EXERCISE DETAILS
Using the material below, print a verbatim copy of every line from the one containing "boohoo◆オフショルダー プリーツ ミディドレス" through the one containing "4 Bedroom Property", inclusive, and omit the pictures.

GIVEN RECORDS
------
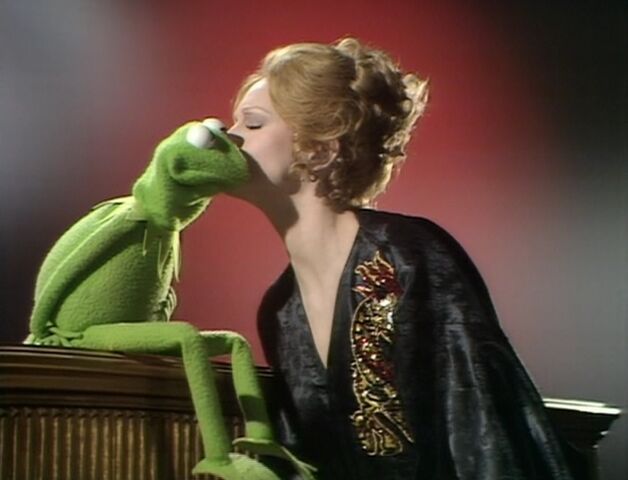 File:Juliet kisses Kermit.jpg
------
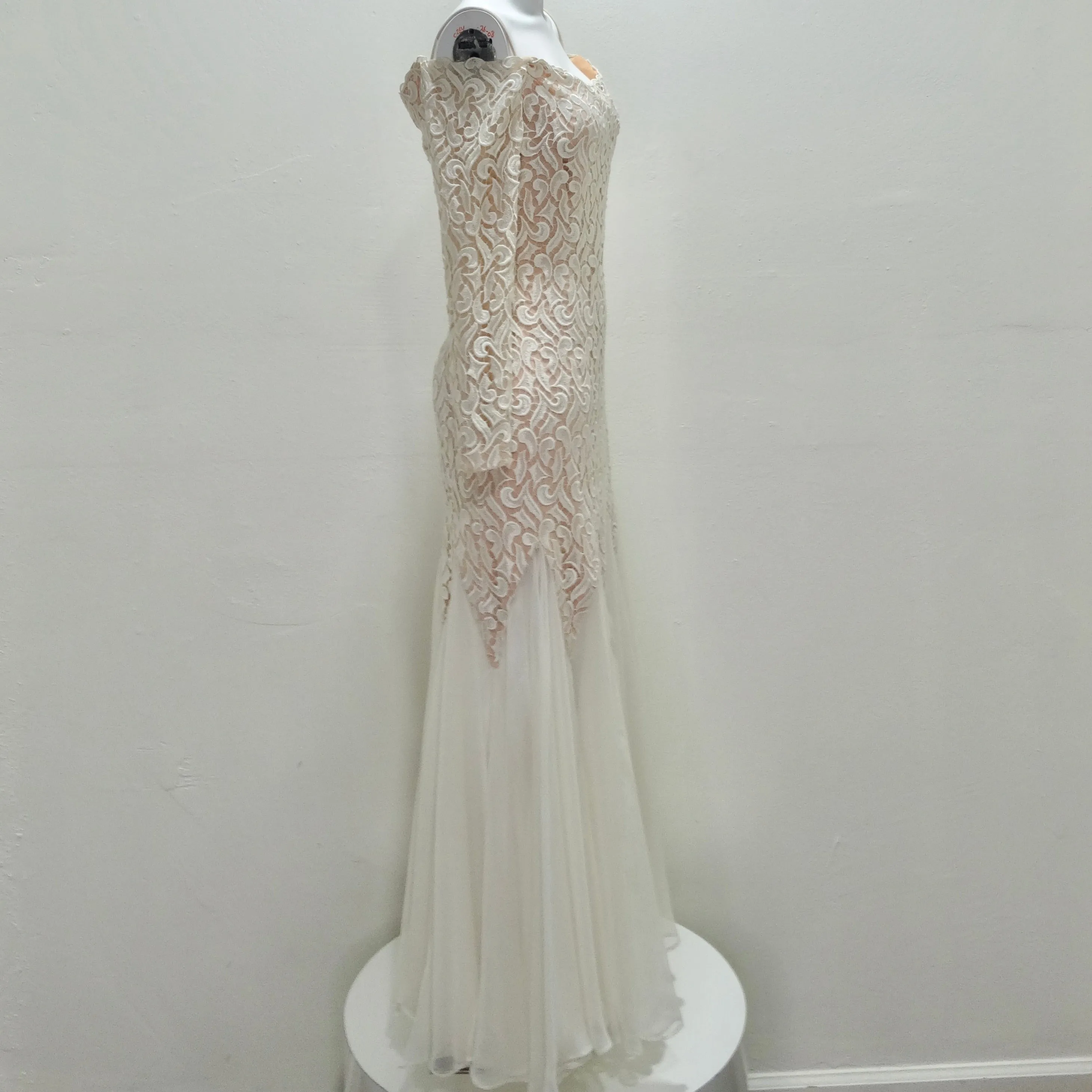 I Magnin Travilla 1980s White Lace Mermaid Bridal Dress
------
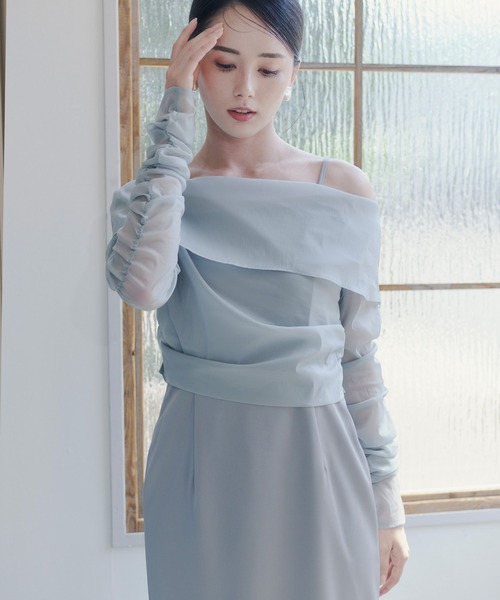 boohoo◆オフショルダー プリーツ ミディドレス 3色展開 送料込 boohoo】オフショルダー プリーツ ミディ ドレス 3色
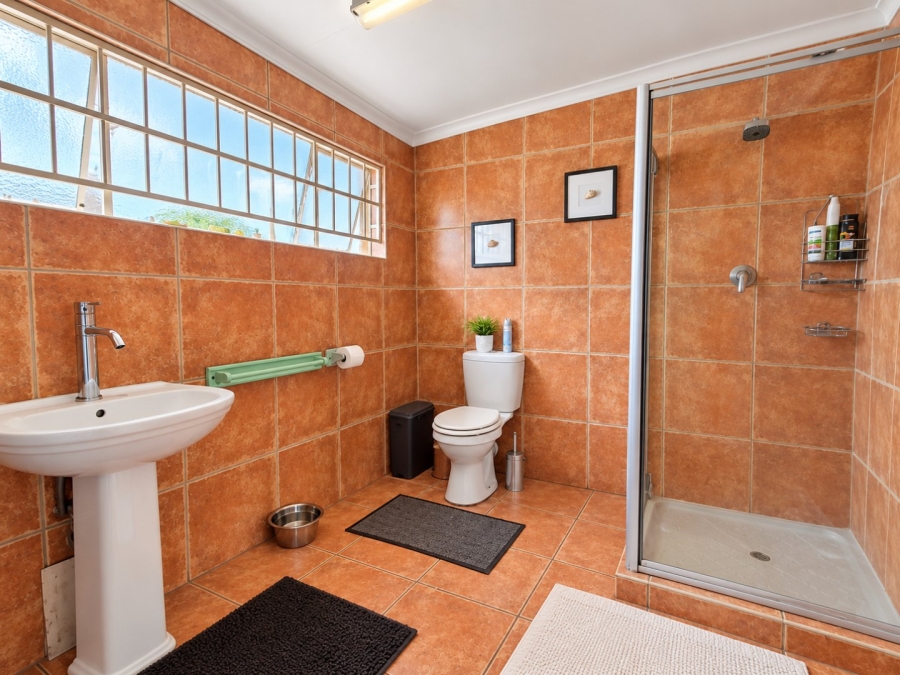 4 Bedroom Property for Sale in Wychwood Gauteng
------
PROBLEM SOLUTION
 boohoo◆オフショルダー プリーツ ミディドレス 3色展開 送料込 boohoo】オフショルダー プリーツ ミディ ドレス 3色
 4 Bedroom Property for Sale in Wychwood Gauteng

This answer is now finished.